**Your objective**
Return the records below in full. Keep every word exact and skip the images.

**The data**
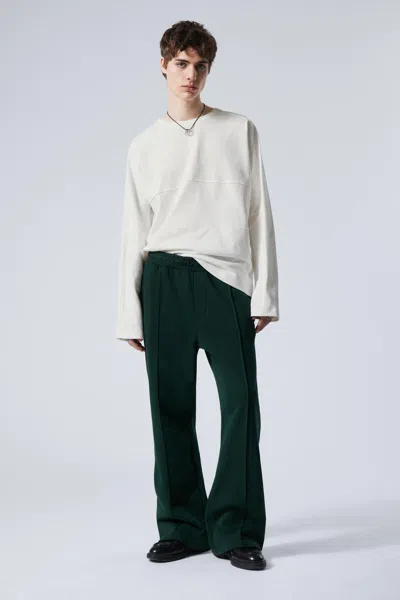 Weekday Flared Loose Fit Sweatpants In Black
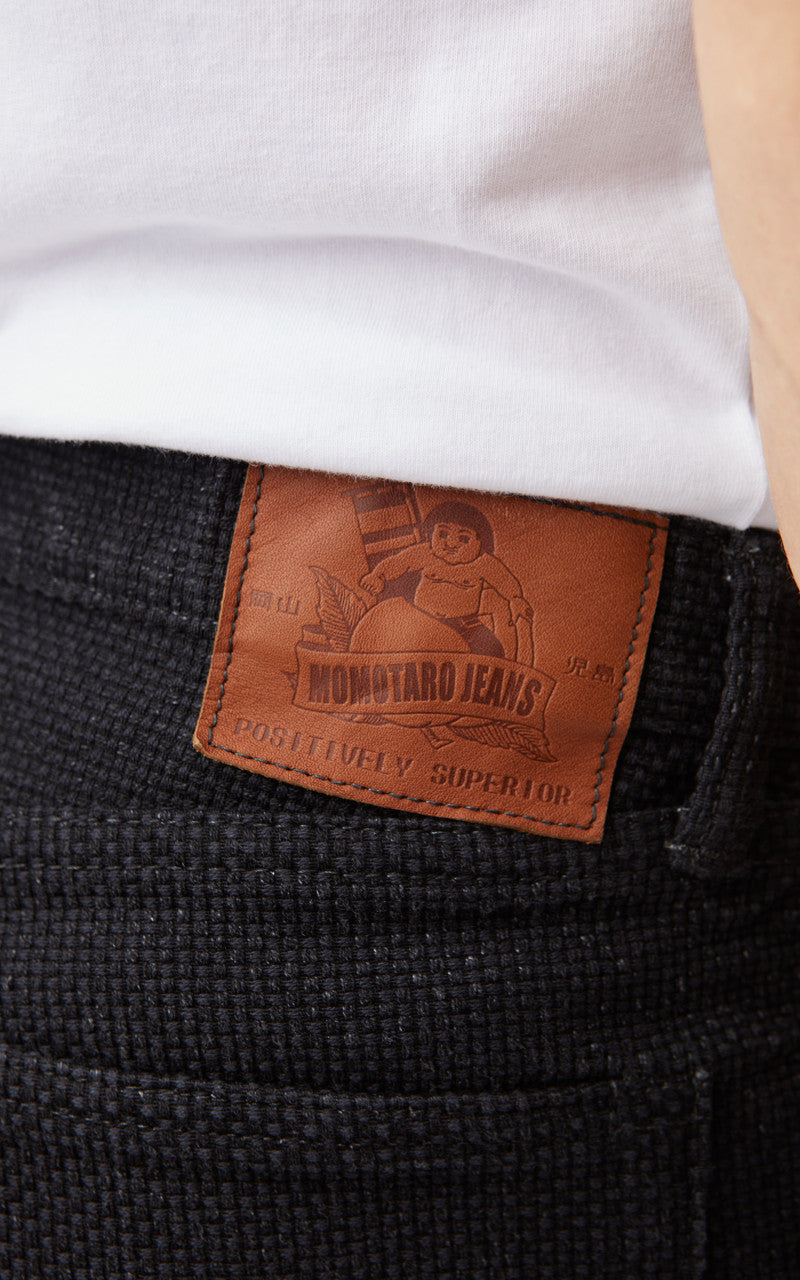 Momotaro Jeans MPT1030M23 Super Heavy Sashiko Pant Black 15oz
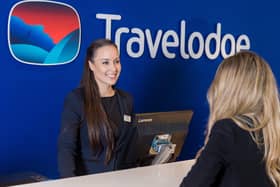 Roles Travelodge is looking to fill in Scotland include reception staff. Picture: Kit Oates.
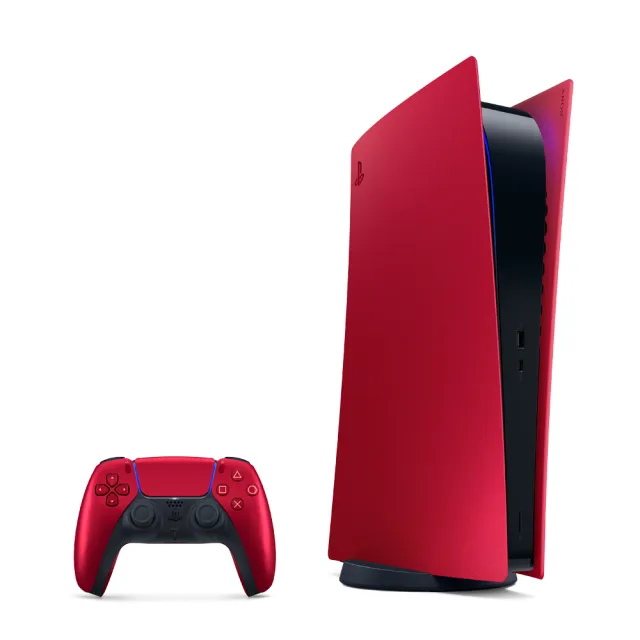 【SONY 索尼】數位版 PlayStation 5 主機護蓋(火山紅)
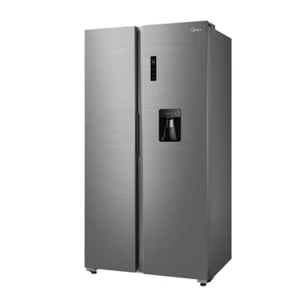 MIDEA 18 CU.FT SIDE BY SIDE REFRIGERATOR SILVER 115V | MDRS710FGG46INVWD - Image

**Solution**
 Weekday Flared Loose Fit Sweatpants In Black
 Momotaro Jeans MPT1030M23 Super Heavy Sashiko Pant Black 15oz
 Roles Travelodge is looking to fill in Scotland include reception staff. Picture: Kit Oates.
 【SONY 索尼】數位版 PlayStation 5 主機護蓋(火山紅)
 MIDEA 18 CU.FT SIDE BY SIDE REFRIGERATOR SILVER 115V | MDRS710FGG46INVWD - Image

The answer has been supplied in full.